On February 12, 2020, HB 2652 was introduced in Kansas, and is pending in the Kansas legislature that would make some modest changes to K.S.A. 21-6304, Criminal possession of a firearm by a convicted felon. The statute, as now written, restricts persons convicted of various crimes from possessing any weapon. ‘Weapon’ is currently defined as a ‘firearm or knife’ with “Knife” being defined as:
“Knife” means a dagger, dirk, switchblade, stiletto, straight-edged razor or any other dangerous or deadly cutting instrument of like character.
If enacted, H-2652 would exclude some pocket-knives from the prohibition. The revised definition would provide:
“Knife” means a dagger, dirk, switchblade, stiletto, straight-edged razor or any other dangerous or deadly cutting instrument of like character, but does not include an ordinary pocket knife with a blade no longer than four inches.
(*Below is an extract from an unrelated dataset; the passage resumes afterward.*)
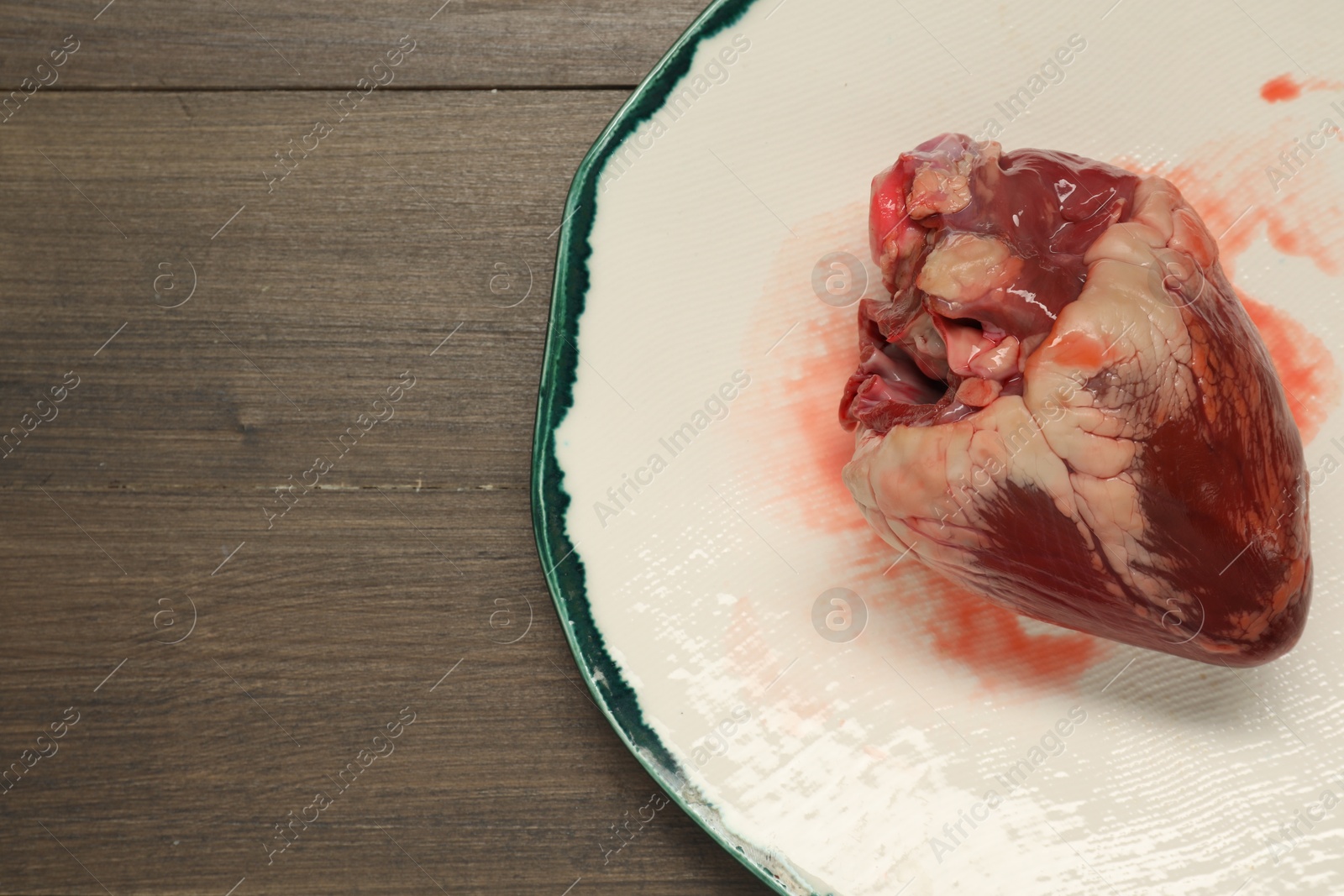 Photo of Raw pork heart on wooden table, top view. Space for text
HB 2652 would also add the following exclusion to the current prohibition:
This section does not apply to a person possessing a knife when used as a tool in connection with lawful employment or a kitchen knife used as intended for food preparation or consumption.
While AKTI did not initiate HB 2652, we note that it does illustrate some important truths about the role of knives in everyday lives. Knives are tools. Knives are in the workplace and knives are essential to food preparation and consumption. Millions of people carry a pocket-knife for routine tasks and with no intent, or even a thought of unwholesome uses.
There is a benefit to society when a post custodial felon is rehabilitated and resumes a normal productive existence. Knives will necessarily be present in any normal life.
When knives are outlawed, everyone will be an outlaw.